Have to say that I’m curious too. I simulated it in LT Spice really quick and couldn’t see a difference (for a pure sine wave at least). If I could hazard a guess… it would be something to do with blocking either DC components to the wave (really unlikely), or high freq responses. If I have some time, I might simulate it some more, but that might be what you can look into.

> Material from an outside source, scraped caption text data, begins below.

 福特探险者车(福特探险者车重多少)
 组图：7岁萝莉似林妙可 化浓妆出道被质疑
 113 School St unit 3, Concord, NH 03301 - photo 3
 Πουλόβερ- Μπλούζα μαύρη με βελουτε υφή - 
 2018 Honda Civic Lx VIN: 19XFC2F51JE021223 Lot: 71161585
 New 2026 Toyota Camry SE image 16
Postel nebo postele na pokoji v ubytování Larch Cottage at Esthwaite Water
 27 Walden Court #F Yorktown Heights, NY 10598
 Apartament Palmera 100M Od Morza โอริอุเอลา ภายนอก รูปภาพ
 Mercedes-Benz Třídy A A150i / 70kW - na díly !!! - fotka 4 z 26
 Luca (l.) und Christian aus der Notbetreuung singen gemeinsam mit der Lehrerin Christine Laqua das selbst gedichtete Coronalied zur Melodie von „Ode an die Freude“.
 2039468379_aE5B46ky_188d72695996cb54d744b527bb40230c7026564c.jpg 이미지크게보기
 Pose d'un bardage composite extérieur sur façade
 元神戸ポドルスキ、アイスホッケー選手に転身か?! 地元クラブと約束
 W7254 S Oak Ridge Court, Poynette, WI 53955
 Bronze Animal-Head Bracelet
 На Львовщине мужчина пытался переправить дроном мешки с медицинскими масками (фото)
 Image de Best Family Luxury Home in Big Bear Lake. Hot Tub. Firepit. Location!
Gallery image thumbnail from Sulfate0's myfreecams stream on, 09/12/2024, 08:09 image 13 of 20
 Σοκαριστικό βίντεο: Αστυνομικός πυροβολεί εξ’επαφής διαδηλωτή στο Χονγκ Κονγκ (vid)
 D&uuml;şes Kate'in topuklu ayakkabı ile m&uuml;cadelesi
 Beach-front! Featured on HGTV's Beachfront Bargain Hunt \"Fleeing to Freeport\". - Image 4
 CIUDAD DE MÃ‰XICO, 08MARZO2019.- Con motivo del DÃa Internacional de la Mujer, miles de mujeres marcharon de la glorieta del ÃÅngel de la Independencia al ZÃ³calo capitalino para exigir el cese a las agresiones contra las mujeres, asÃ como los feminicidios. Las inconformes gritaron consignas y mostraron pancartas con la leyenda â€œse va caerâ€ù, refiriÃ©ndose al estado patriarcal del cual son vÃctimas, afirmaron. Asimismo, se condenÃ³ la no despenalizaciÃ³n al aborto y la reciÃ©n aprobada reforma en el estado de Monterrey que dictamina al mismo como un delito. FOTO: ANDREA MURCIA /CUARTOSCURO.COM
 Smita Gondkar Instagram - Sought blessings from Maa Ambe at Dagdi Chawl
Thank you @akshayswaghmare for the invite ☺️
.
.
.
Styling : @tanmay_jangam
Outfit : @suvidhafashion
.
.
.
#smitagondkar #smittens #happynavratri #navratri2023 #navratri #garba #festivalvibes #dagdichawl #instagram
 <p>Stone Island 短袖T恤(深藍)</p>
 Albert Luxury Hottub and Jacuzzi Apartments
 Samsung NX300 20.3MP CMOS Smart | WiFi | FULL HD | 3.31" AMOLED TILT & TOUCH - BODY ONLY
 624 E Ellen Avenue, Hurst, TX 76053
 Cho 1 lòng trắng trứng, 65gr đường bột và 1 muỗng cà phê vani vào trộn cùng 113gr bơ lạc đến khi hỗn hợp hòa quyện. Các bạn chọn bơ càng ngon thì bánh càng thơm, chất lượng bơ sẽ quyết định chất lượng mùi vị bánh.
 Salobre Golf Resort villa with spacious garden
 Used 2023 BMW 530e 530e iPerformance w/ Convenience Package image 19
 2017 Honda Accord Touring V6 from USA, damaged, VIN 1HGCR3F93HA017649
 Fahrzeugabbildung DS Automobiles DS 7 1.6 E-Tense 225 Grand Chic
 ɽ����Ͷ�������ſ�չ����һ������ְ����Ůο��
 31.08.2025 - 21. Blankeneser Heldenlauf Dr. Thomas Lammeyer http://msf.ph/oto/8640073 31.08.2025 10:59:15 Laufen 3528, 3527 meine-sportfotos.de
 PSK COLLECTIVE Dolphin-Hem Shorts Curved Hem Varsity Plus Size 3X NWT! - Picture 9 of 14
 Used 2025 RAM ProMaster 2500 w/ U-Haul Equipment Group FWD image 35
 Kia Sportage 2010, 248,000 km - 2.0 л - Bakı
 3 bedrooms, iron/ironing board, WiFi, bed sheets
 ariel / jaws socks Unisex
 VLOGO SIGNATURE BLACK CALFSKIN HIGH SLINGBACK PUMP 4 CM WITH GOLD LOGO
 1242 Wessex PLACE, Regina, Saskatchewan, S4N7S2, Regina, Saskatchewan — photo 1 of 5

As a side note, I’ve looked at a lot of linear supply designs and I can’t say I’ve ever seen caps across the diodes. Not that that means anything.


#4

Thanks Scott. I might have found the answer to my own question. Should have asked Google before… Apparently power supply transformers have leakage inductance and parasitic capacitance, and when the diodes in a bridge rectifier switch off these “non-ideal” elements form a resonant circuit that can oscillate at high frequency. This high frequency oscillation can then couple into the rest of the circuitry. Snubber circuits are used in an attempt to mitigate this problem. Just using capacitors doesn’t damp the ringing completely, but does cause it to drop to a lower frequency where the coupling effect is less. An RC circuit across the diodes can damp the ringing almost completely. I assume it is only an issue in audio circuits and it might be overkill for a power supply but I think that is a good explanation and I will include it in my circuit for now. It cant hurt… right ?


#5

There is a very good explanation here : http://www.hagtech.com/pdf/snubber.pdf


#6

I’m not sure, but if you are using a linear regulator, it wouldn’t need the caps since the regulator would take care of a good chunk of high freq noise. I could see it being more of an issue for a SMPS. I’ll have to read that link later.